R. v. De Ciantis, 2011 BCCA 437

Acquitted after appeal.

http://www.canlii.org/en/bc/bcca/doc/2011/2011bcca437/2011bcca437.html

Accused collided with another car causing death and injury. Some questions about manner of driving. Two lane changes and was in a hurry. No alcohol involved.

[68]  In summary, Mr. De Ciantis was driving at a minimum of 81 km/h at the time of the accident and changed lanes five times beforehand.  Many people travel in excess of the speed limit on this road.  Mr. De Ciantis offered explanations for his lane changes, and at least one of his lane changes was precipitated by another driver’s actions.

[69] In my opinion, when the legal tests are properly applied and the evidence is re-weighed in the limited fashion permitted this Court, there is insufficient evidence to support the convictions and the verdict reached was, therefore, unreasonable.

R. v. Martin, 2012 BCCA 194 

Acquitted – Drove standard transmission Mustang and hit someone while pulling out. Was not used to standard and such a powerful car.

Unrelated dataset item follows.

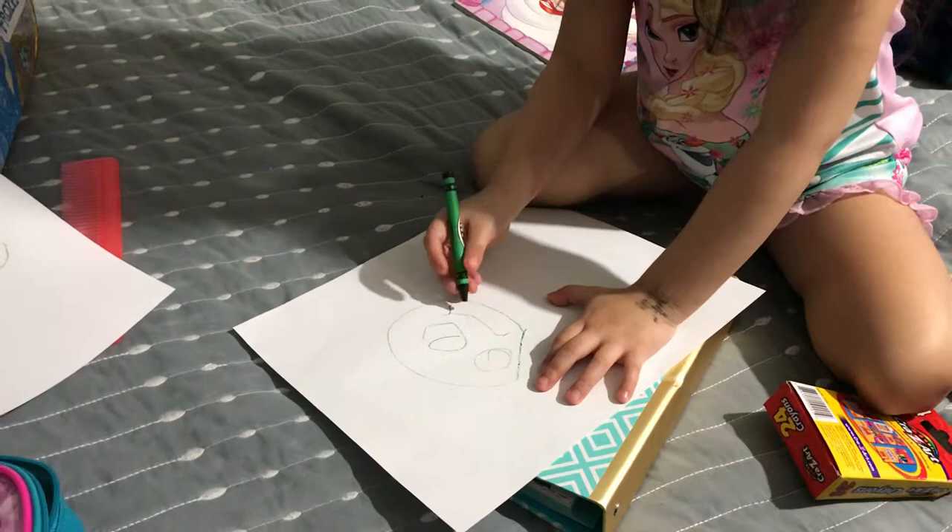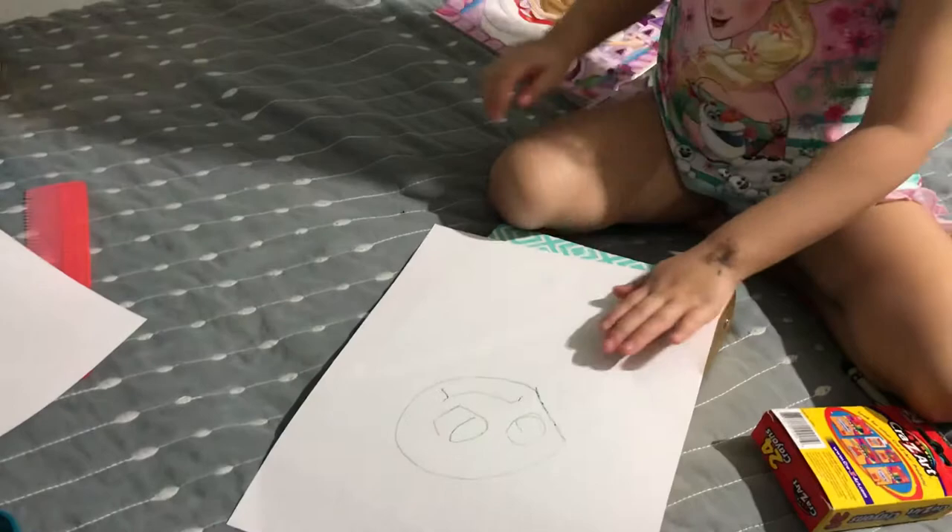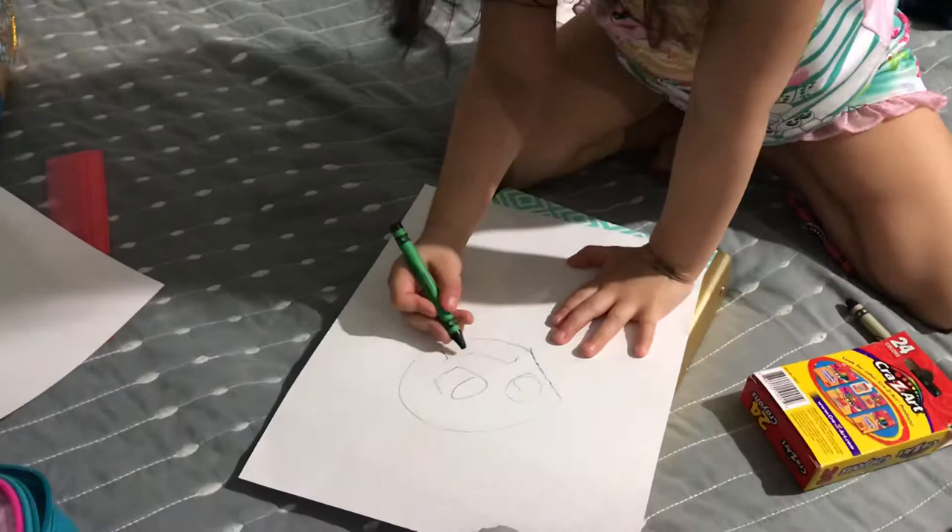No, that looks like a smiley face. No. That face, look. Do it on the back again, do it right here. Look. Okay. It looks a little happy. Yeah, I know, but it's sad. It's sad? Yeah. Sticking on the tongue. Sticking on his tongue? Yeah.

http://www.canlii.org/en/bc/bcca/doc/2012/2012bcca194/2012bcca194.html

[23]  While the trial judge correctly stated the test for the mens rea of dangerous driving, I am satisfied he erred in applying it, and in finding Mr. Martin’s pattern of driving prior to the accident represented a marked departure from the norm, justifying penal consequences. As set out above, on the judge’s findings of fact the only difficulty Mr. Martin had encountered in controlling the Mustang was stalling it when bringing it to a stop. Nothing had occurred when it was in motion to portend a loss of control in the manner that caused the accident. I do not discern in his findings a basis on which the trial judge could properly conclude that a reasonable, prudent driver in Mr. Martin’s circumstances would have recognized a risk of loss of control in a manner dangerous to others and, as a result, would have decided not to drive the Mustang. Nor do I agree his findings support a conclusion that Mr. Martin’s driving immediately prior to the accident represented a marked departure from the norm.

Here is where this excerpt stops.